Week 2 of the Data Jam focused on Working with Data. In order to get data ready for visualizations and analysis, researchers engage in data wrangling. Wrangling your data with various tools allows you to restructure information so that it can be easily understood by people and analyzed by machines. In this workshop, we worked with OpenRefine, a powerful tool for working with data. Watch the recording and read through the workshop notes to learn more about tidying your data, transforming it from one format to another, and extending it with various web services. Here are the key takeaways we covered in the workshop:
1. Data Wrangling Means Many Things
Most people think of the data analysis process like this:
But data wrangling is a term that refers to a number of activities between collecting data and analyzing data, and a much more involved, labor-intensive process.

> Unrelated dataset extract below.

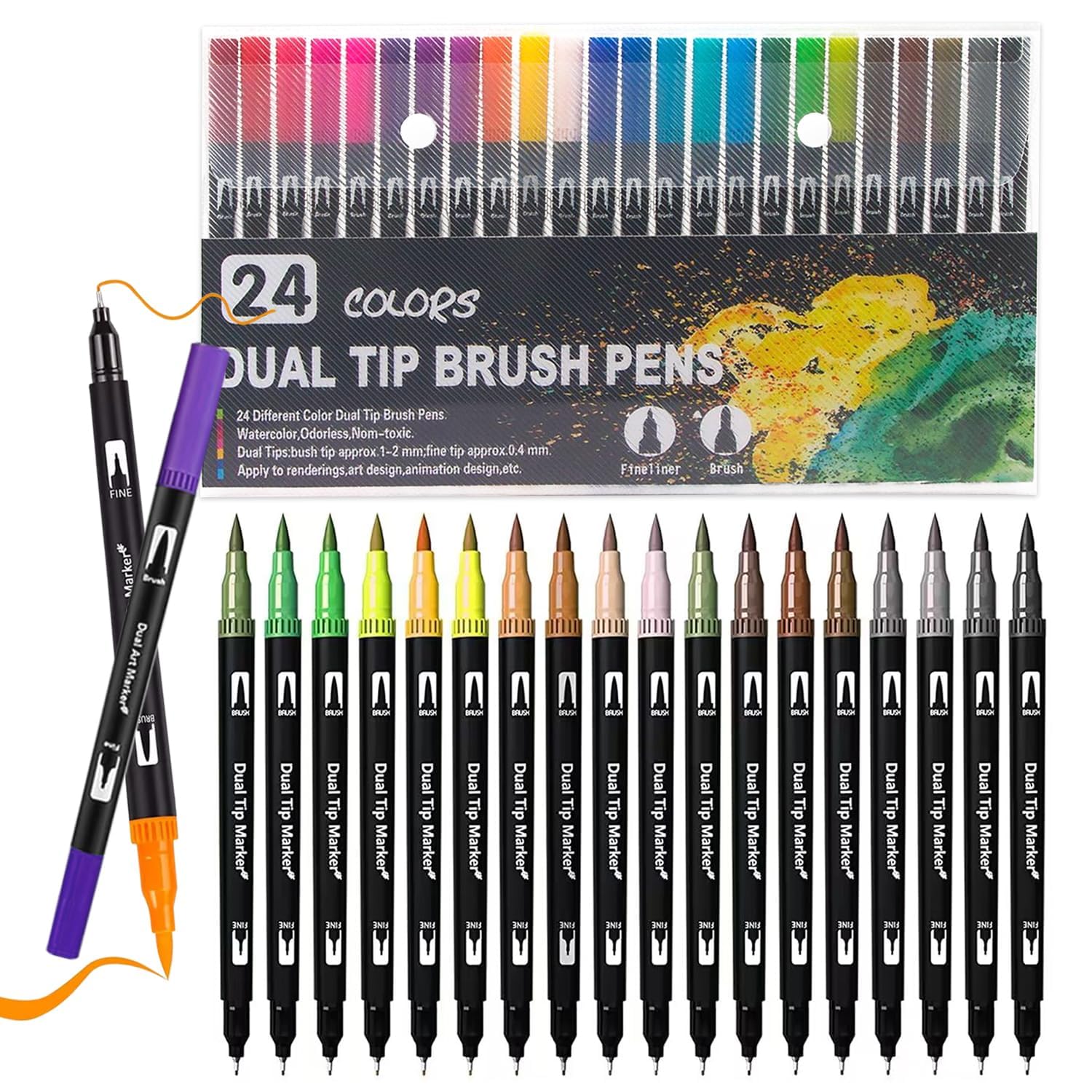 Surcotto Colouring pens, Dual Tip Brush Pens, 24 Colorful Washable Felt Tip Pens, Dual Art Marker For Colouring Book Drawing Design Calligraphy Painting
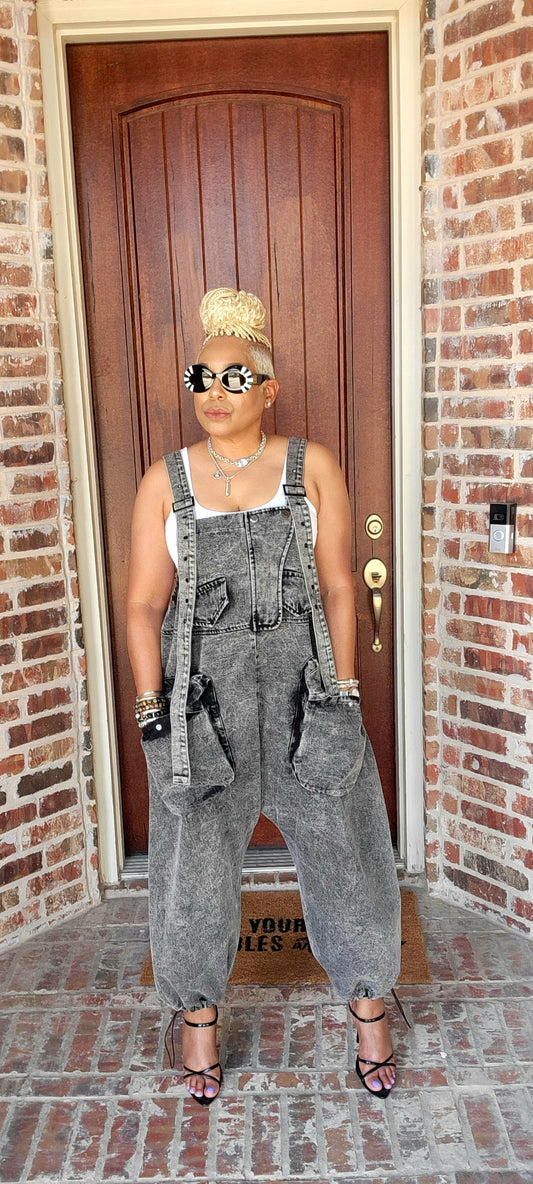 Bag Lady Black Denim Jumpsuit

Often, these activities involve:
- discovering (understanding data, what it contains, and what questions or inquiries are productive)
- structuring (changing how data is displayed or stored)
- cleaning (modifying data that is incorrect, incomplete, irrelevant, duplicated, or improperly formatted)
- enriching (combining data with additional data to contextualize or expand analysis)
- validating (confirming consistency and quality of data)
- publishing (planning and publishing data and previous activities)
2. Messy Data vs. Tidy Data
We discussed many different ways data can be considered "messy", such as missing values, inconsistent entry of data, or unclear structure and organizing. Messy data does not mean that this data is bad or unusable. Messy data can be a good thing! But wrangling messy data makes it easier to use, makes it accessible to you and other people, and contextualizes your data for research questions. So we contrasted “messy data” with “tidy data”, which has the following principles:
- Each variable forms a column
- Each observation forms a row
- Each type of observational unit forms a table
If you’re interested in learning more about data cleaning and wrangling, check out:
- Against Cleaning by Katie Rawson and Trevor Muñoz
- Introduction to Tidy Data by Iowa State University Library
- Tidy Data by Hadley Wickham 2.
3. Open Refine Tips
In this workshop, we worked with the Candy Hierarchy data from 2017. Collected by Benjamin R. Cohen and David Ng, these researchers surveyed BoingBoing readers about their emotions towards over 70 different types of candy. We used OpenRefine to clean our dataset to include only respondents between the ages of 18-35 from the United States of America. Cleaning this dataset involved:
- Exploring the dataset and its structure to understand what "messy data" problems were present
- Excluding observations in the dataset to the relevant entries that met our criteria
- Clustering similar variables to ensure consistent spelling within data entry
- Saving and exporting the data cleaning steps and datasets
4. Next Steps
This workshop was based on the Data Carpentry lesson, Data Cleaning with OpenRefine for Ecologists. OpenRefine lists tutorials and resources for you to explore. (I also recommend looking at Thomas Padilla’s Getting Started with Open Refine.) If you’re interested in trying more advanced data cleaning techniques with OpenRefine, this lesson from Programming Historian focuses on fetching and parsing historical data.
OpenRefine isn't the only tool for data wrangling! If you’re already familiar with a particular programming language or software, these guides and tutorials may be helpful.
- Python: The Data Wrangling Workshop (Packt), Python for Data Science – Part 1: Cleaning Data (Cornell University Center for Advanced Computing), Data Cleaning Workshop (The Carpentries)
- R: R Basics: Prepare Data for Modeling and Analysis (Penn Libraries); Data Cleaning, Preparation, and Analysis in R (USCD Libraries)
- Excel: An Introduction to Data Cleaning with Excel (NUS Libraries); Basic Data Cleaning and Analysis for Data Tables (Duke University Libraries)